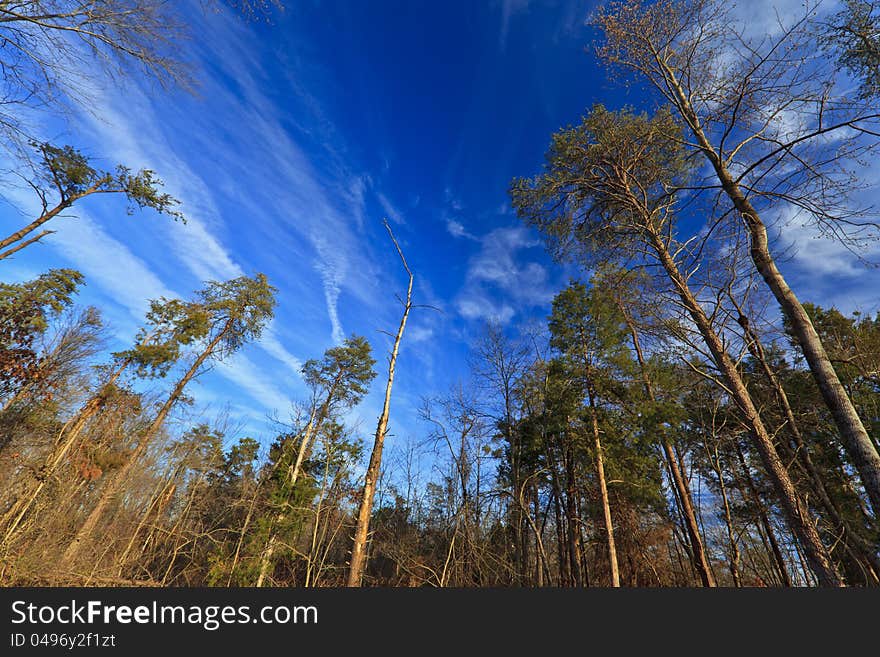 Deep blue sky, stratus clouds and and trees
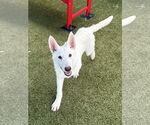 Small #2 Siberian Husky Mix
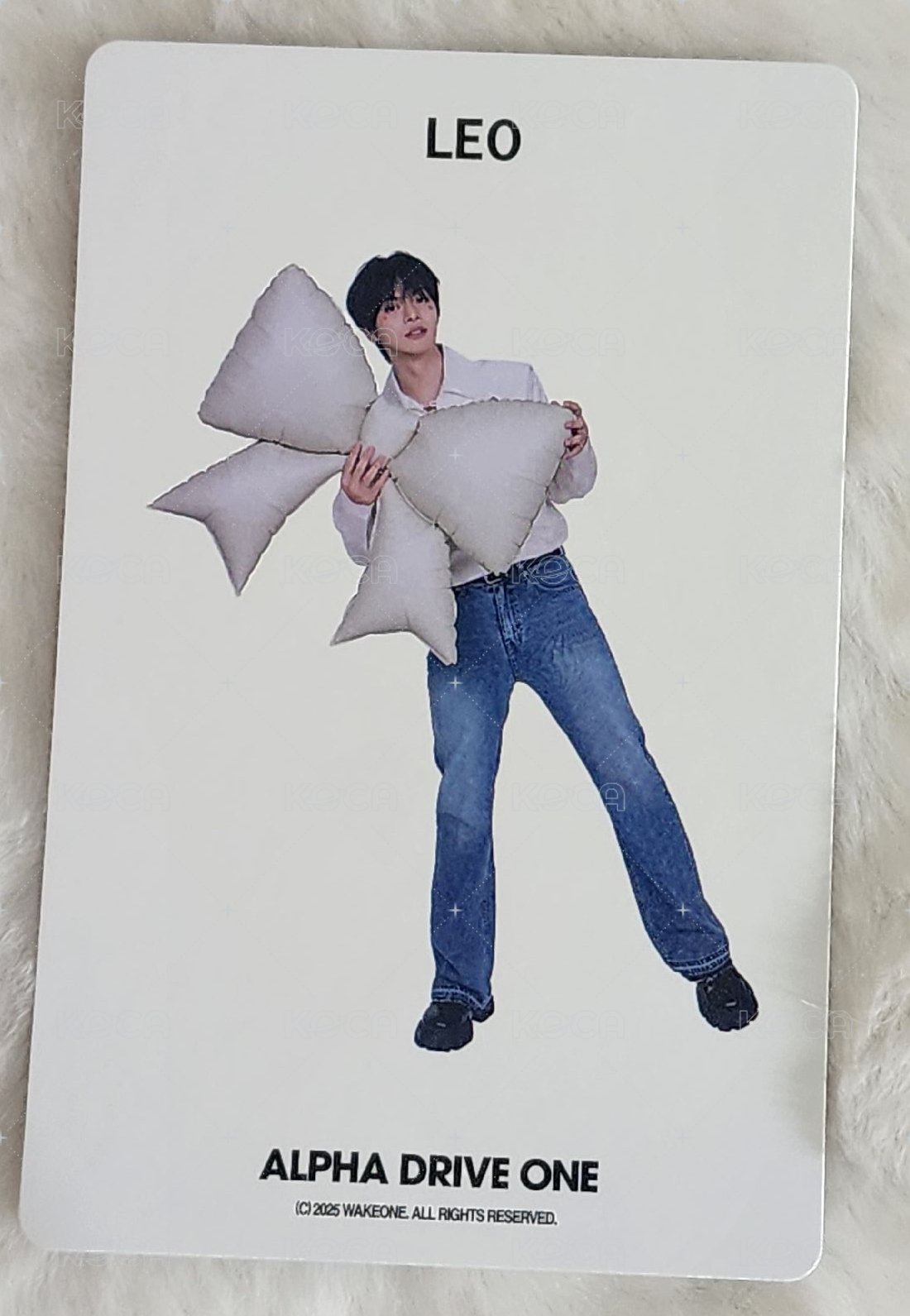 會員禮卡 一期會員 背面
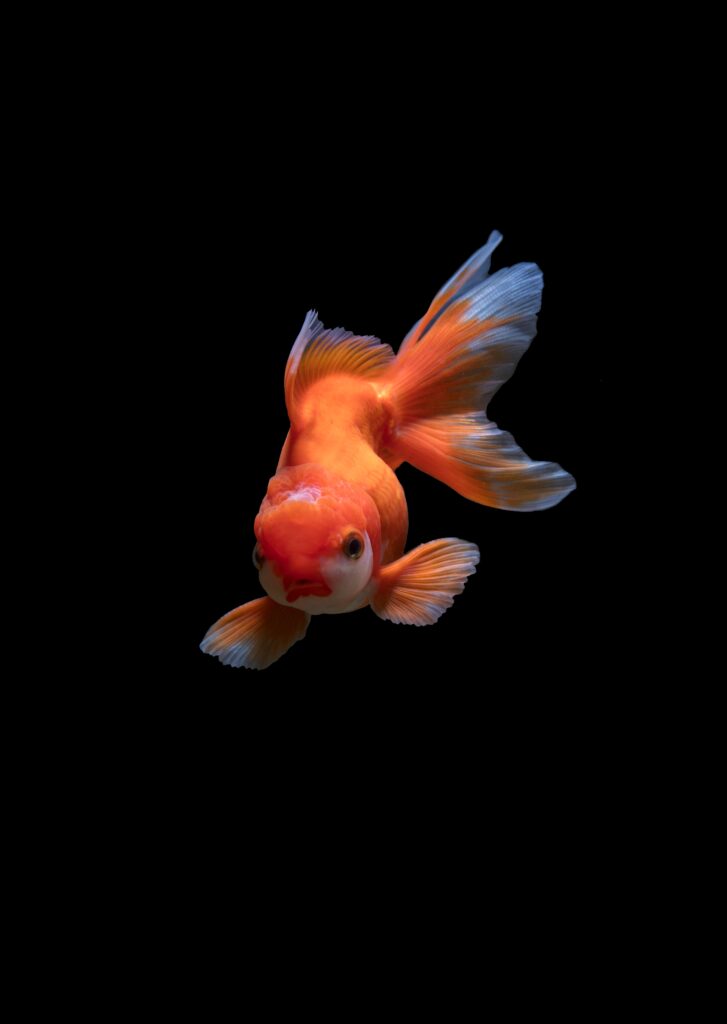 can a betta fish eat goldfish food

* [Goal of the exercise]:
The answer must be the data above, repeated exactly, with no pictures.

* [Response box]:
 Deep blue sky, stratus clouds and and trees
 Small #2 Siberian Husky Mix
 會員禮卡 一期會員 背面
 can a betta fish eat goldfish food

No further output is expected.